I don't exactly know this for a fact, but it feels like the media have trained themselves to ignore that Trump is always crowdsourcing violence. He has been from the very beginning. The wouldbe gunman, Taylor Taranto, said he chose the school because it was close to the home of Rep. Jamie Raskin. Ponder that. 

It doesn't take some wild leap to recall Cesar Sayoc, who sent improvised pipe bomb-like things to the journalists and political figures he believed to be on Trump's hitlist. Or maybe this reminds you of the Pelosi home invasion. Or because this violent individual was also a part of the 1/6 insurrection, it can't help but remind you of those fools for Trump, doing his dirty work. 


And some of them, at least over 170 of them, said they were specifically there doing what they did because Trump told them to. We aren't new to Trump threatening violence against political figures he is at odds with, and them facing real death threats and death plots, or his promoting the idea that his minions should engage in civil war. It can't escape us that what he has been doing is broadcasting or open source enlisting stochastic terrorism through his social media at his prosecutors--openly trying to interfere with the legitimate legal cases against him. He uses Truth Social to direct his ire at Jack Smith--but also the man's family. 

Trump doesn't have to be explicit--but in a way he is, or at least, enough that you can know exactly what he's trying to do here.

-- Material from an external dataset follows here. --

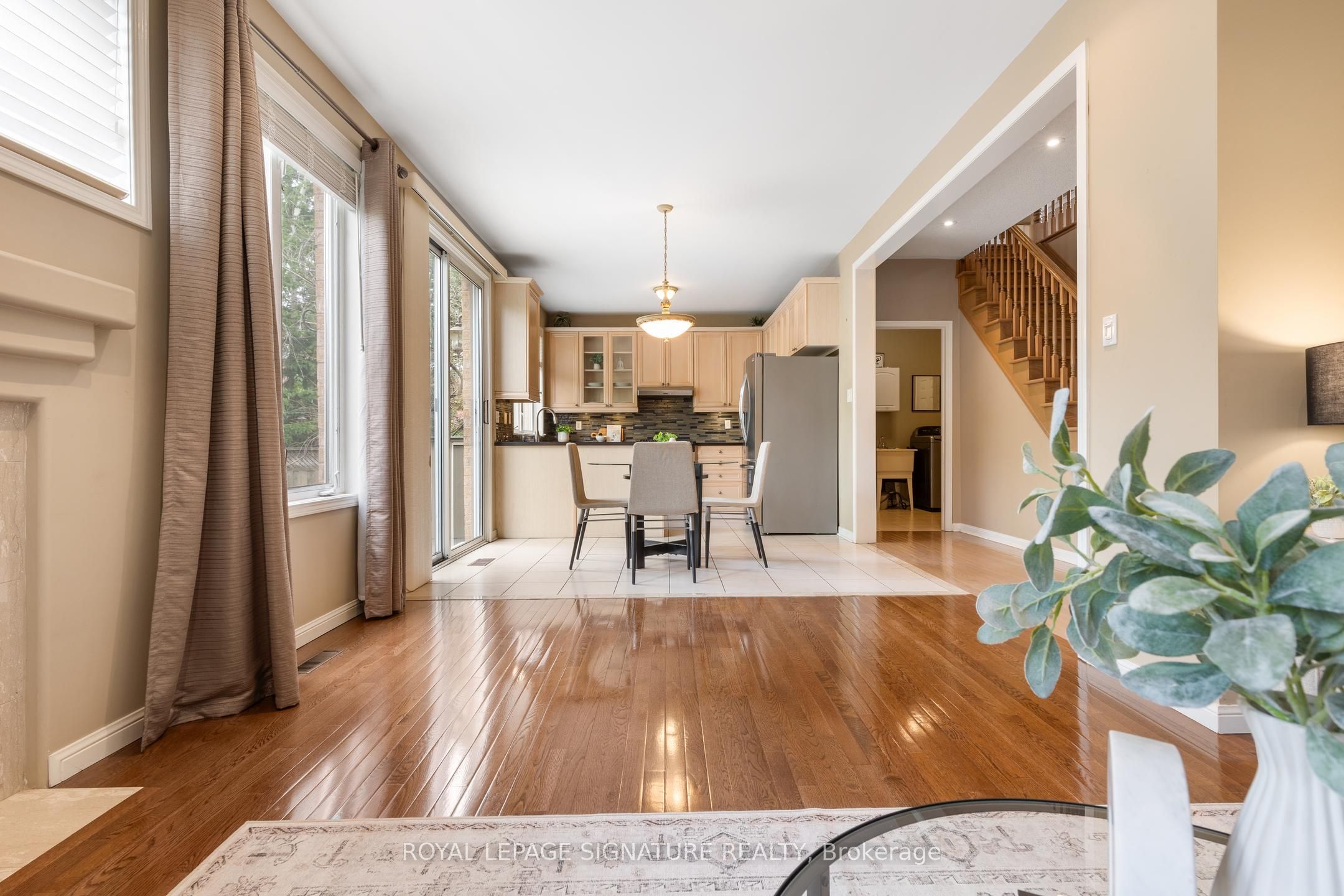 3807 Deepwood Heights Property Photo 14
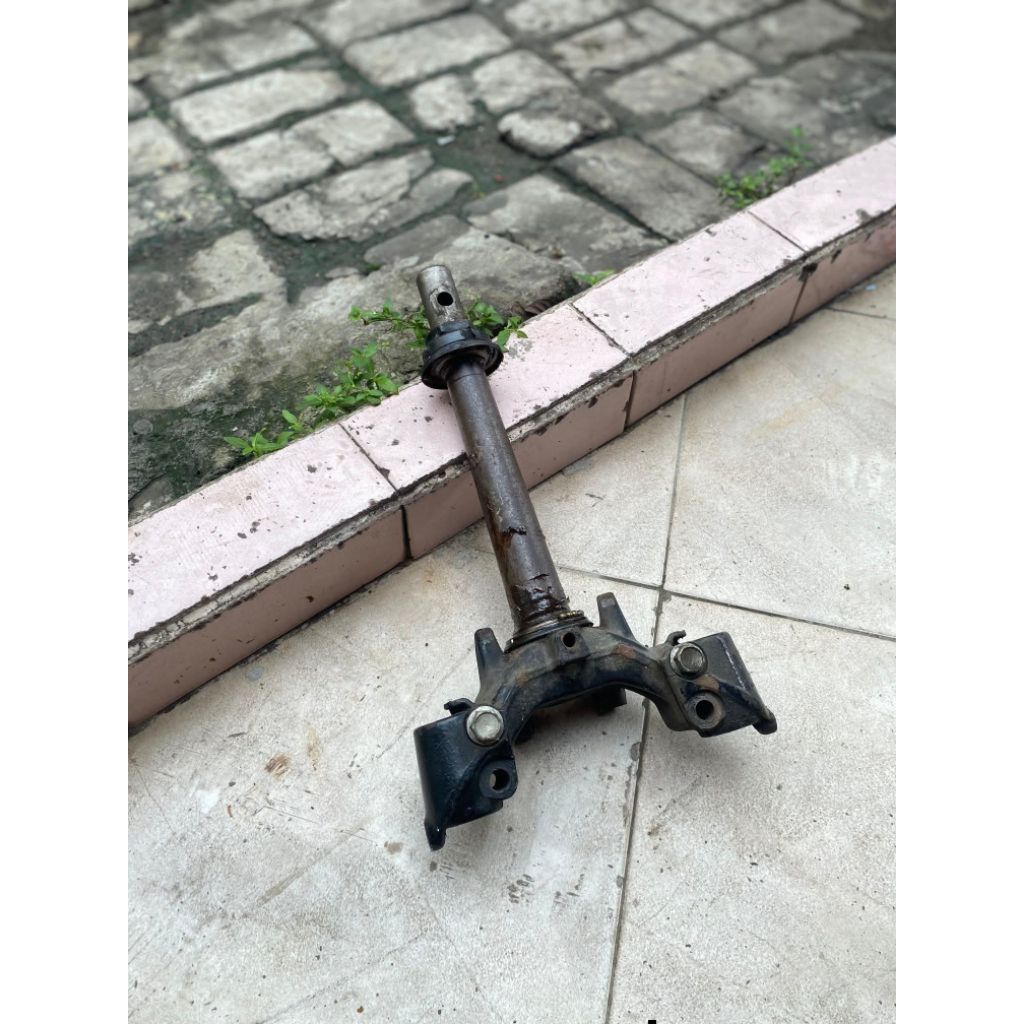 T Segitiga Segitiga T Shock Depan Honda Astrea Grand Legenda Imperessa Original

He wants his fan club to go wild, the way they did January 6th. And you know, he doesn't always pay his lawyers, so why is he paying hitmen if he could get someone to do it for free? (#cheapcapo.)

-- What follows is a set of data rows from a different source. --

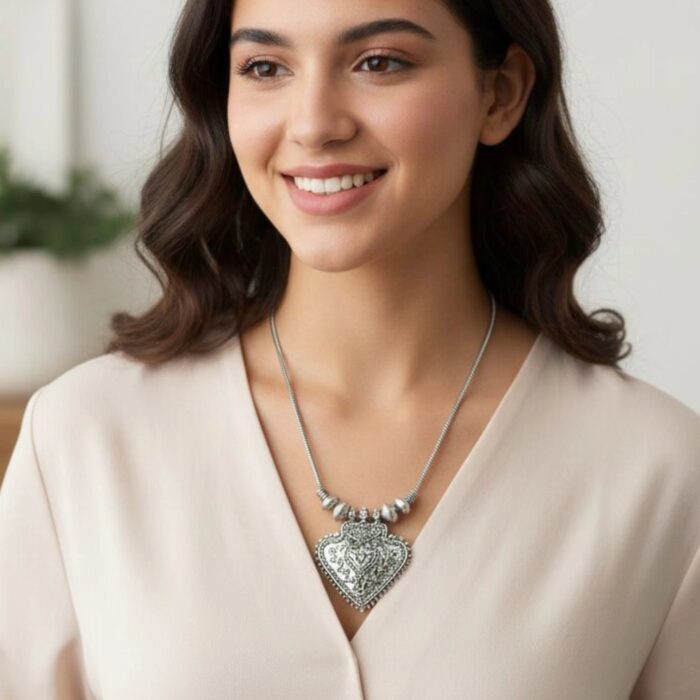 Oxidized Pendant chain necklace - Image 3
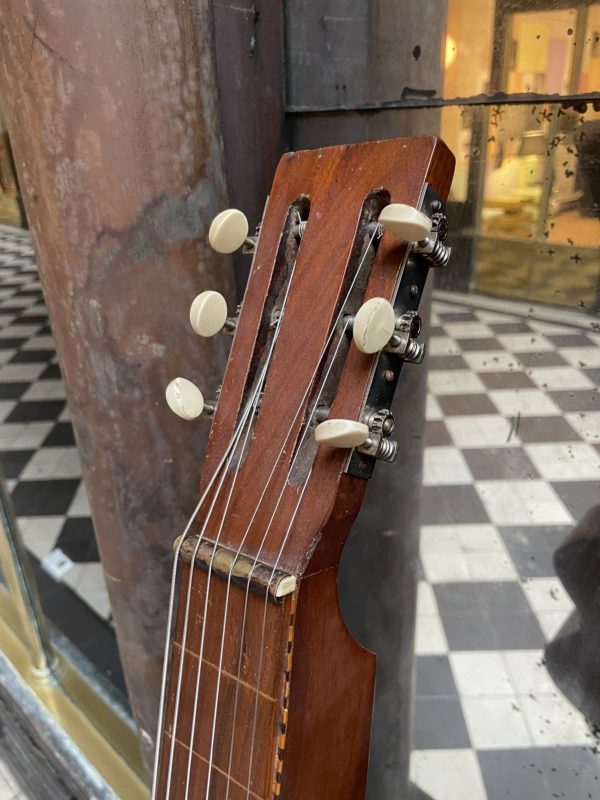 hilo style 640 hawaiian guitar c.1920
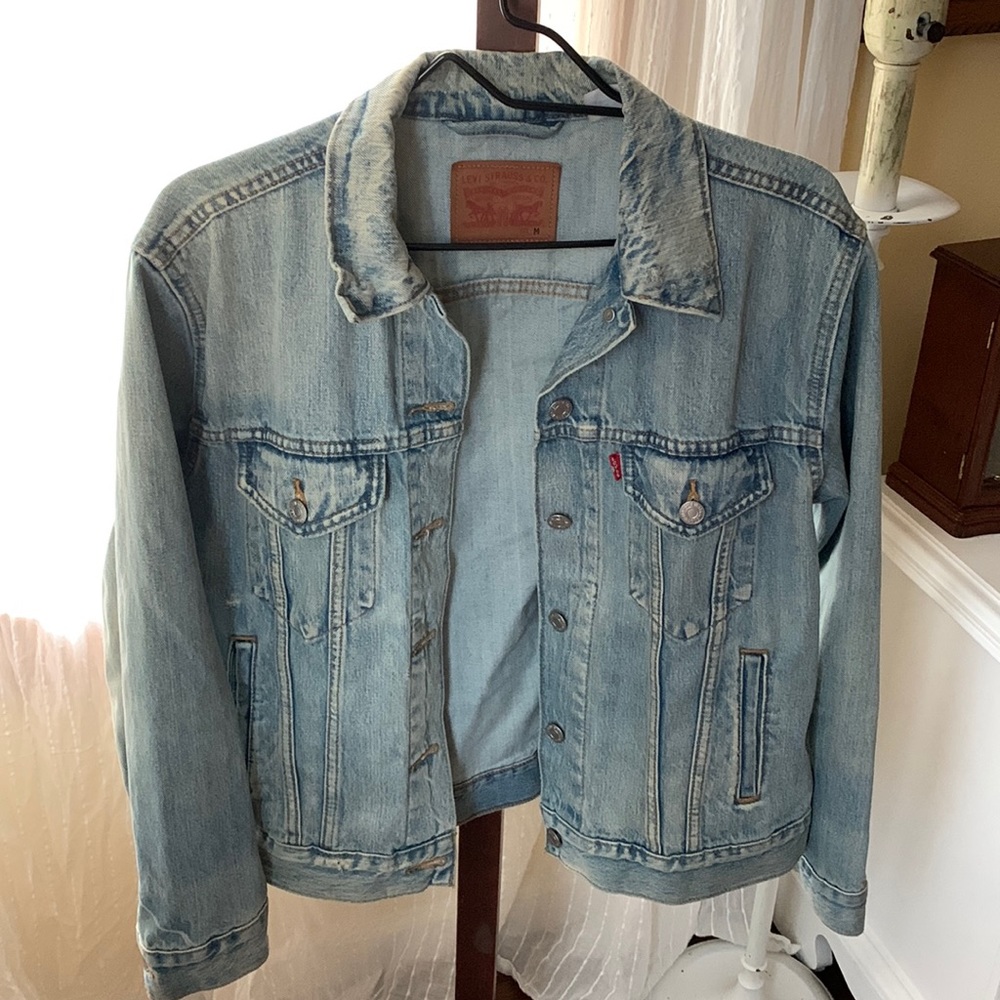 Levi’s medium denim jean jacket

One reason why it doesn't get any more attention is Republicans have created a permission structure for their embrace of violence, but admitting that ONE SIDE has done so destroys the "both sides" narrative that the mainstream media has depended on to create an appearance of objectivity (real objectivity is reporting the facts--it isn't partisan to do it, and it benefits the GOP to ignore what they have become). 

In the aggrieved mind of the Trump vigilante, Trump has done no wrong and must be rescued, In the real world, Trump is in deep shit because he planned a coup to keep his nefarious ass in office, and he failed.  He pushed his plea to have Republican governors and legislatures and his false electors steal the election on his behalf, even knowing he had lost. He raised money on this Big Lie. He caused violence based on this Big Lie by way of incitement. How explicit did he need to be in all of this? He strongarmed election officials and spread lies and had his personal lawyer spread lies about election workers. He should pay for that abuse of power.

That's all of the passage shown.